HomeWorld CupEnergized…or Paralyzed, by David Rudin

Energized…or Paralyzed, by David Rudin

July 3, 2018

Day 18

During the World Cup, Howler will feature a different writer each day sharing thoughts on the day’s action. Today, David Rudin considers the reality that someone’s actually going to win this thing.  

I’m not exactly sure when it happened, but at some point between Russia’s elimination of Spain and the final death rattle of Croatia’s win over Denmark it dawned on me that one of the non-eliminated teams would actually have to win the World Cup.

I apparently wasn’t the only one.
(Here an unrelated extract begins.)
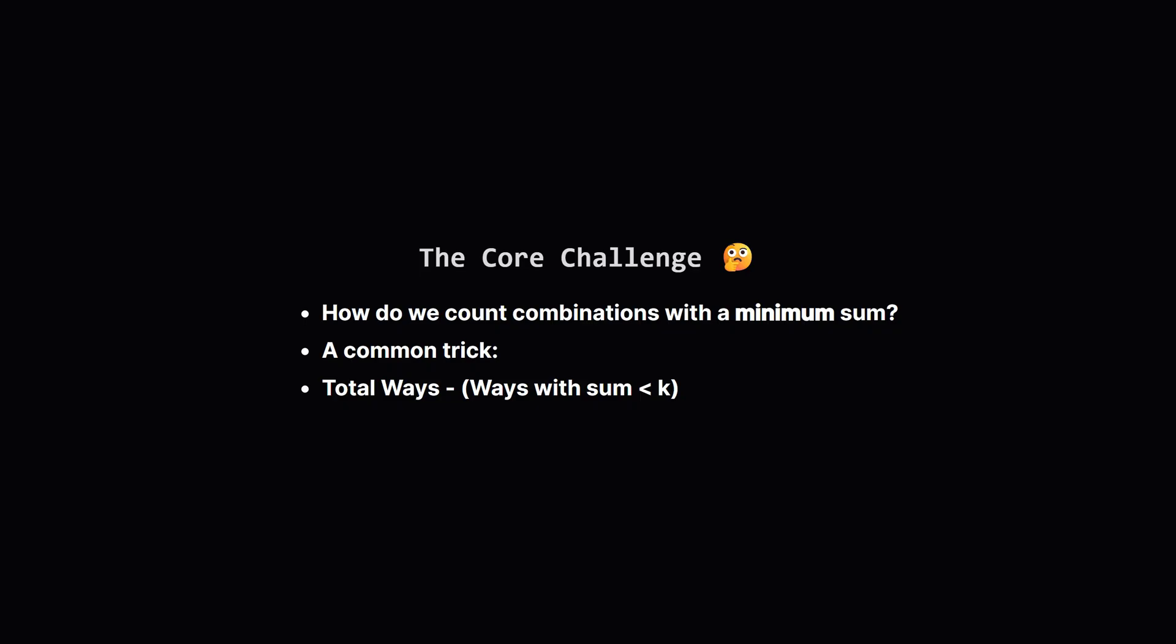Just trying every single combination one by one would be far too slow especially if the word is long. There's a classic problem solving technique for situations like this. When you need to count things that are at least some value it's often easier to flip the problem around. Instead of counting what we want let's count everything possible and then subtract the things we don't want. In our case the things we don't want are the original strings that have a total length less than k.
Lists of teams from which one of the finalists would be drawn started circulating. Subtext: Seriously, this rabble?

In sporting terms, the crowning of a champion is the worst part of the World Cup. The tournament’s best moments tend to occur when the pretense that it is wholly made up of monomaniacal contenders is dropped and everyone can focus on smaller pleasures: a goal, a meaningless win, a shared experience. These fleeting moments of excitement on the world stage make the tournament compelling — not enough to justify the quadrennial undertaking’s financial and moral corruption, but compelling nonetheless. At some point, though, the remaining players remember that a shiny bauble is at stake and lose all ability to think of anything else. Queue the cautious slogs through extra time.

Going into Monday’s matches, then, it was not immediately clear if Russia had broken, whether a strange win or two away from a title would energize or paralyze the teams that had yet to fly home.
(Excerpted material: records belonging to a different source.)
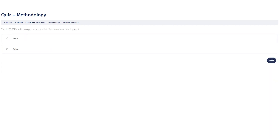Is it true or false that the Autosar methodology is structured into five domains of development?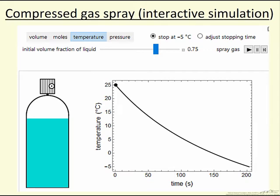This interactive simulation models the kind of spray can used to clean off, for example, a computer keyboard.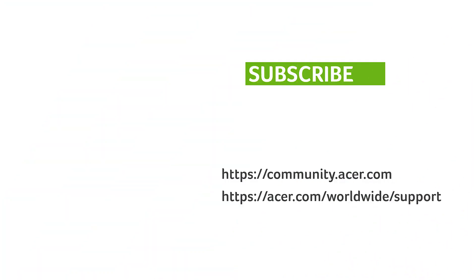If you have any questions, you can always visit the Acer community or our Acer support site. And don't forget to subscribe!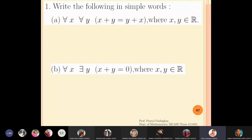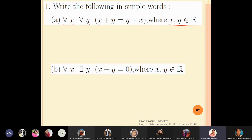The first one is: for all x, for all y, x plus y is equal to y plus x, where x and y belong to R. We will now write this statement in words. The meaning is: if you take any x and any y which are real numbers, then x plus y will give you the same answer as y plus x. This property of real numbers is called commutativity.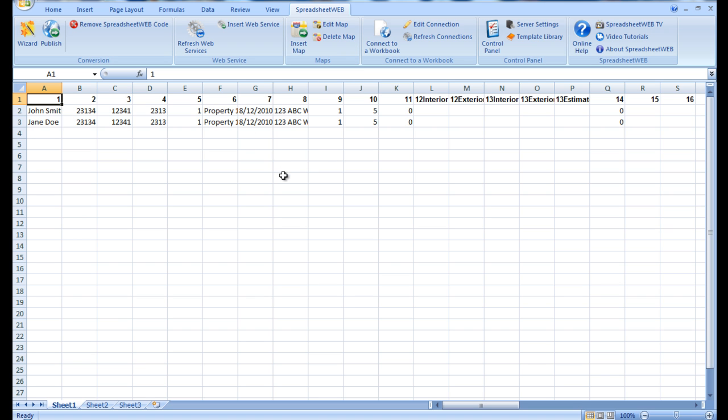From here, we can view all saved records immediately without having to manually sort through each and every individual record.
Six hours later, the paralysis hypothesis had been resoundingly defeated—or at least postponed for another day. Another tiring trip into extra time seemed possible during the scoreless first half of Brazil’s match against Mexico. Neymar is neither courting your pity nor the easiest player to feel bad for, but the world may get a little heavier on his shoulders with each rival’s elimination. But then a backheel, a converted cross, and Brazil was in the lead. Paralysis would have to wait another day.

Belgium manager Roberto Martinez, in his strident immunity to context and his team’s path to World Cup glory, is the anti-Neymar. Belgium suddenly being one of the two or three strongest teams in this World Cup apparently left him unmoved. Out his team came, talented and inchoate as ever. They played that compelling brand of football managers surely discuss in job interviews. One problem: they couldn’t finish. Then Japan scored on the counter-attack. And again. Weird four-minute spans like that can alter the fate of an entire golden generation, which is absurd. Also absurd: The sight of newly-relegated Nacer Chadli and children’s party entertainer Marouane Fellaini coming on to bail out the likes of Hazard, de Bruyne and Lukaku. But it worked, which is to say football can be wonderfully absurd. Fellaini scored as did Chadli, following a Romelu Lukaku dummy, the gif of which should spam the inbox of any writer who ever again dares to dismiss him as merely “powerful.” All told, you’d probably still want to be more of a Neymar than a Roberto Martinez, but both powered through Monday. That’s the kind of day it was.

Lord help us, one of the remaining teams — a category that now excludes Mexico and Japan — is actually going to win the World Cup. We are truly blessed.